Todavia, a despeito da grande melhoria que a ESF trouxe no tocante ao acesso, este permanece ainda insuficiente e inadequado. Concorrem para isso vários fatores, como a restrição do acesso a procedimentos de média e alta complexidade, a falta de profissionais com formação adequada, a infraestrutura precária, problemas de gestão e o subfinanciamento que acompanha o SUS desde os seus primórdios. Nesse aspecto, um dos maiores problemas tem sido a participação indefinida e reduzida do Governo Federal. Isso sugere que o SUS, apesar de consagrado pela Constituição Federal, não foi assumido pelos governos e nem foi incorporado subjetivamente por importantes setores da sociedade brasileira (classe média e alta, trabalhadores sindicalizados), ou seja, não reconhecem o SUS como o sistema público universal do Brasil.

 

A EC 29/2000 não definiu o piso de contribuição para o Governo Federal, vinculando a contribuição à variação do PIB, e a EC 86/2015 desrespeitou o Projeto de Lei de Iniciativa Popular (PLC n.º 321/2013) com mais de 2,2 milhões de assinaturas em prol da aplicação mínima de 10% da Receita Corrente Bruta da União em saúde. A substituição da regra definida pela EC 29/2000 para calcular o gasto federal mínimo com base em percentuais sobre a receita corrente líquida, definidas pela EC 86, implicam uma perda de aproximadamente R$ 10 bilhões para o ano de 2016. O artigo 38 da Lei de Diretrizes Orçamentárias da União, o qual define que o valor atual do gasto federal mínimo não poderá ser inferior ao valor resultante da aplicação da regra anterior, foi vetado pela presidente.

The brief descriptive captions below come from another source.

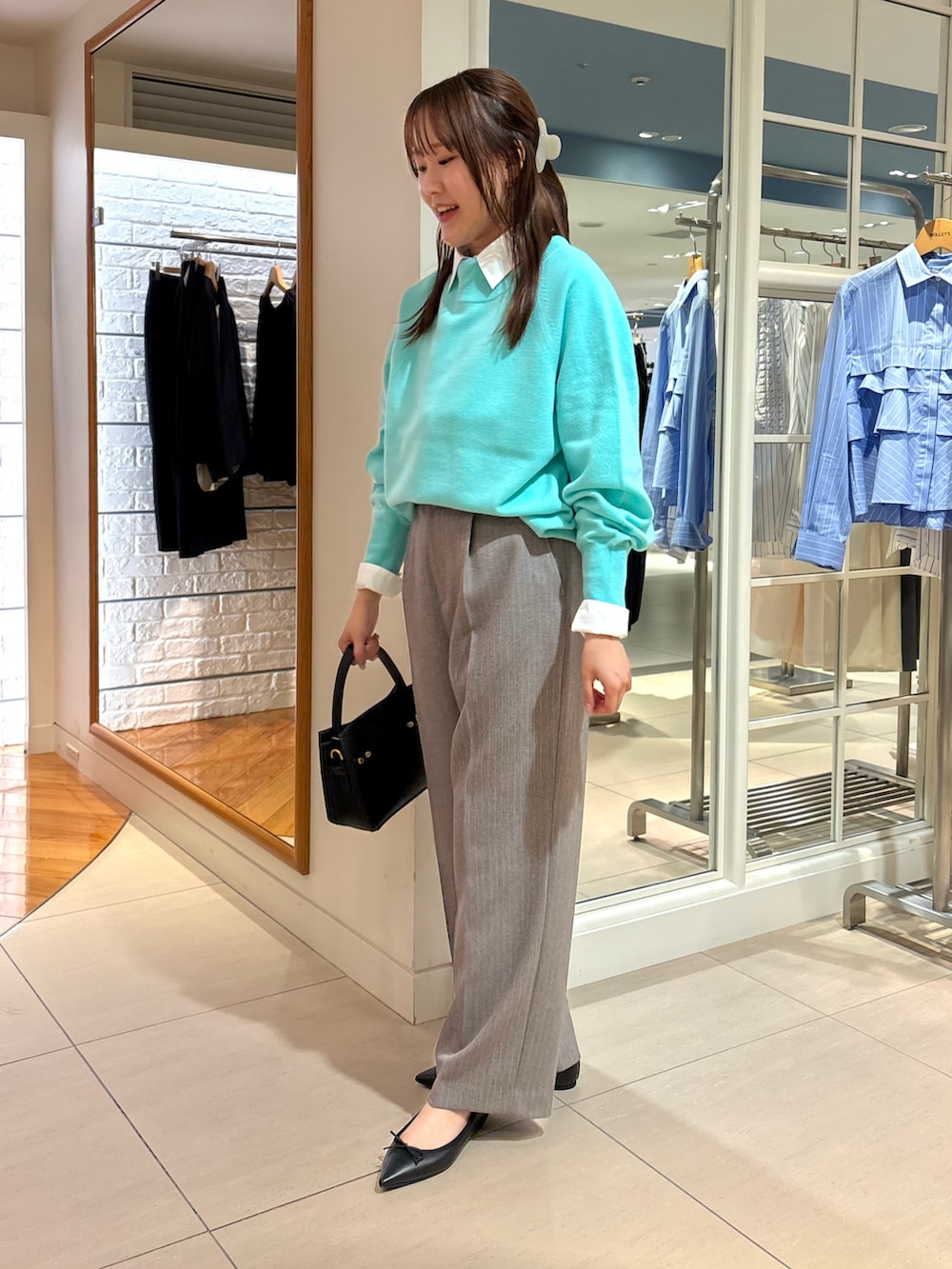 グレー系のその他パンツ、ベージュ系のショルダーバッグ、ピンク系のニット/セーターを着用したレディースの秋コーディネートの4枚目の写真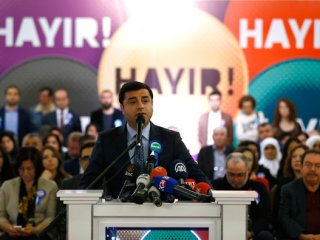 Demirtaş, Davutoğlu için sert konuştu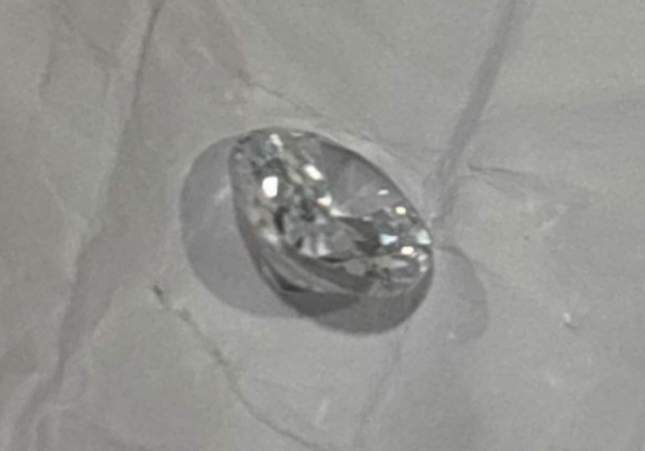 Diamante de 30.000 euros encontrado durante el cacheo Diamante de 30.000 euros encontrado durante el cacheo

Enquanto isso, a votação da PEC 01/2015 baseada na iniciativa popular Saúde + 10 foi sucessivamente adiada. Por outro lado, as transferências do governo ao setor privado, por meio de empréstimos subsidiados do tesouro nacional, cresceram significativamente e superam a casa dos R$ 38 bilhões estimados para 2016. Essa situação nos convoca para a luta pela rejeição do veto ao artigo 38 e pela aprovação imediata da PEC 01/2015. Contudo isso não basta, devemos continuar a lutar pelo SUS que sonhamos em 1979.

 

Por fim, nestes momentos de crise política e institucional que o Brasil vive, o Cebes, por meio de seu principal órgão de divulgação, reafirma o valor da democracia como princípio civilizatório.

 

Condena os atos que colocam em risco a frágil democracia conquistada pela sociedade brasileira depois de 20 anos de ditadura e reafirma: SAÚDE É DEMOCRACIA!

 

Cornelis Johannes van Stralen
Presidente do Cebes

 

Referências

BRASIL. Ministério da Saúde. Conferência Nacional de Saúde, Brasília, DF, 24 a 28 de março, 7., Anais… Brasília, DF:
Centro de Documentação do Ministério da Saúde, 1980.
CENTRO BRASILEIRO DE ESTUDOS DE SAÚDE (CEBES). Editorial. Rio de Janeiro, Saúde Debate, v. 1, n. 1, 1976.
______. Relatório de atividades da diretoria nacional do CEBES, gestão 1980/1981. Rio de Janeiro: CEBES, 1981.